過去の養育費
本来は離婚時に養育費の取り決めをすることが通常ですが,とにかく離婚をしたいとか,DVから逃れるためなど,養育費の明確な取り決めをしないまま離婚し,何年も経過することがあります。
子が20歳になるまでは,資力のある方は,養育費を負担する義務がありますから,今後の養育費については,子が20歳になるまでいつでも請求することができます。
では,過去の養育費を請求することはできるのでしょうか。
数年間養育費を受け取っていない場合など,過去の養育費の未払い分はかなりの金額になることが多いので,過去の養育費を請求できないかが問題となります。
この点,養育費を請求した時点から請求できるいう立場の審判例もありますが,多くの審判例は,請求時に限らず,扶養権利者が扶養を必要として,かつ,扶養義務者が扶養することが可能な状態にあった場合には,具体的な扶養義務,扶養請求権が発生するとしています。

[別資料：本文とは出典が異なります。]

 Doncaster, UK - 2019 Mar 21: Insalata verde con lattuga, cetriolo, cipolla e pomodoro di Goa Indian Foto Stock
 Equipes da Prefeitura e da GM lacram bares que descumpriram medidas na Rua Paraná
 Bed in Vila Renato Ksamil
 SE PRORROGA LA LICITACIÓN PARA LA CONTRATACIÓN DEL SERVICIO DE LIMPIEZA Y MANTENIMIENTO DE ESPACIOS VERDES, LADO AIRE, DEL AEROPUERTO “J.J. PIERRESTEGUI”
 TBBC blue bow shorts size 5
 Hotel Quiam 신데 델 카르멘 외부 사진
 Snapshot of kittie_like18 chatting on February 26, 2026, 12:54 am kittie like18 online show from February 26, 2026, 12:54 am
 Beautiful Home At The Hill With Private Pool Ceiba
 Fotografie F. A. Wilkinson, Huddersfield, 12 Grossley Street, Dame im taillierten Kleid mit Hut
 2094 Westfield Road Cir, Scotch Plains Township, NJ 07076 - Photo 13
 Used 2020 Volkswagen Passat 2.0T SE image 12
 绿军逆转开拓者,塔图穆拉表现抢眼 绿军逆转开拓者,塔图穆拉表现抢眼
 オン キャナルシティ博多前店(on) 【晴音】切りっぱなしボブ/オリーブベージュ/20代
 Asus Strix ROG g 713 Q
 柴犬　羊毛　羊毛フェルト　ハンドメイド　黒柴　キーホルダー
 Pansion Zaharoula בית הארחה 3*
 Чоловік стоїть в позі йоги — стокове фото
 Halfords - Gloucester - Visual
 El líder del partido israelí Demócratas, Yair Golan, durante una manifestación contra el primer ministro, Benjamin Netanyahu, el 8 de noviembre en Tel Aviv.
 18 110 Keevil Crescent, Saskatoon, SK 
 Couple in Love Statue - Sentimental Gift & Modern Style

もっとも,この場合でも,公平の観点から,相当の範囲に限定されることが多いです。
ケースによっては1000万円を超える場合もあるでしょうから,そのような場合に,ケースによって相当な範囲に限定するというのは,常識的に考えて頷けます。
なお,養育費支払いの合意があった場合には,当然に,未払い分全額の請求が可能です。